PROMPT>
Drop the images. Copy every line below character for character.

(Stored data entries)
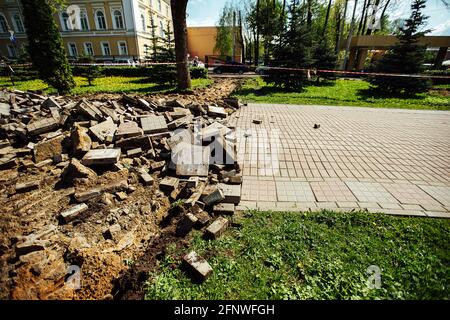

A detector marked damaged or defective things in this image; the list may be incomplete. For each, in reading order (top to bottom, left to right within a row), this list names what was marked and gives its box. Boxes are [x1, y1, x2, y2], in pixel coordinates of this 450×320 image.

damaged pavement [0, 82, 246, 298]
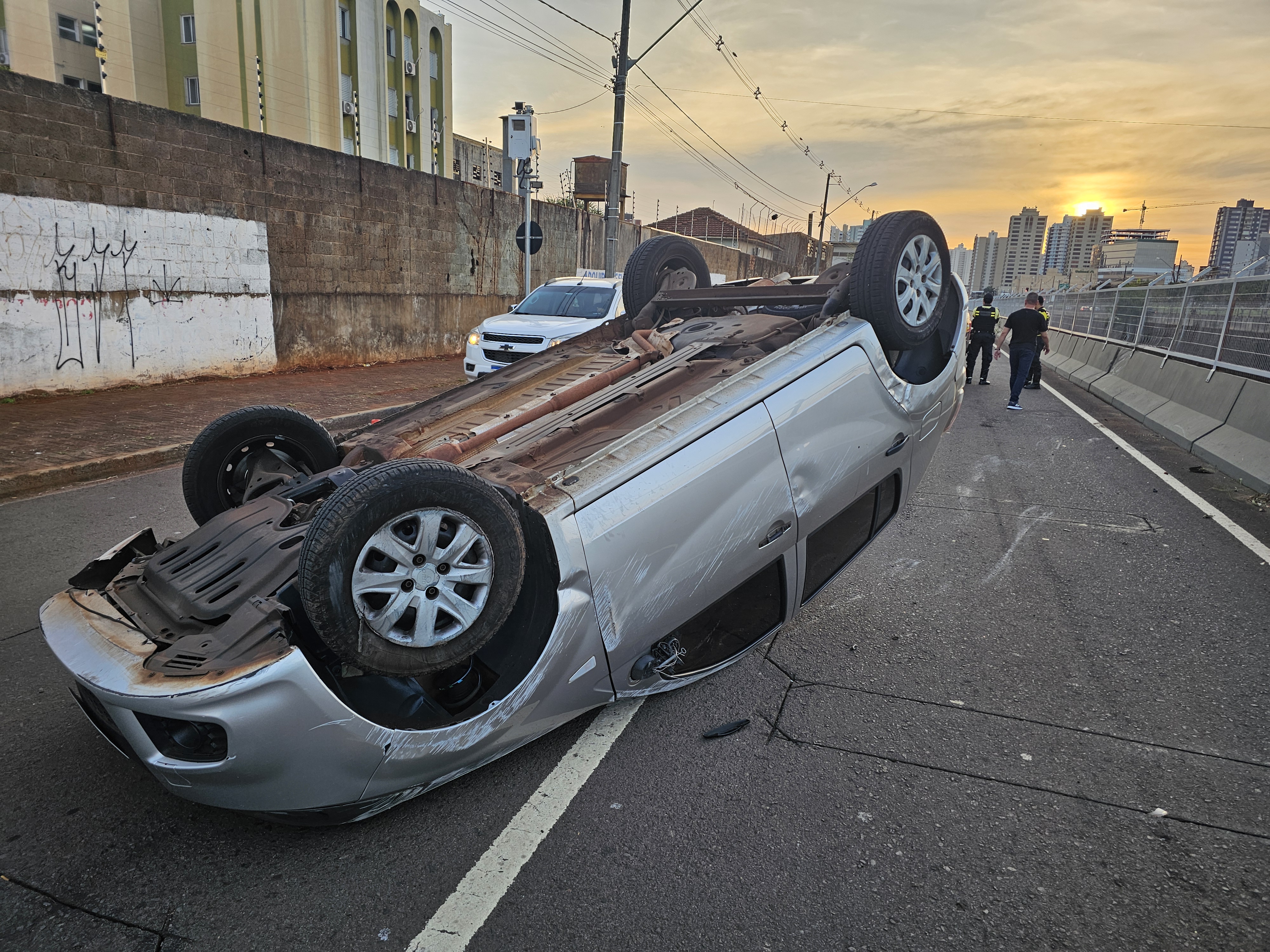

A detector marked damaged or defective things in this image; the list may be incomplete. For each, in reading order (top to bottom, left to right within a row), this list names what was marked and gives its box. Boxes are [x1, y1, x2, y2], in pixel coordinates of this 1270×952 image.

overturned silver suv [45, 212, 965, 823]
damaged car door [577, 404, 792, 696]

TASK SOLUTION>
A detector marked damaged or defective things in this image; the list may be incomplete. For each, in reading order (top to bottom, left to right within a row), this list names what was marked and gives its box. Boxes are [x1, y1, x2, y2], in pixel coordinates of this 450×320 image.

damaged pavement [0, 82, 246, 298]

A detector marked damaged or defective things in this image; the list may be incomplete. For each, in reading order (top to bottom, left to right within a row), this list names what was marked and gives its box. Boxes are [x1, y1, x2, y2], in pixel coordinates of this 1270×952 image.

overturned silver suv [45, 212, 965, 823]
damaged car door [577, 404, 792, 696]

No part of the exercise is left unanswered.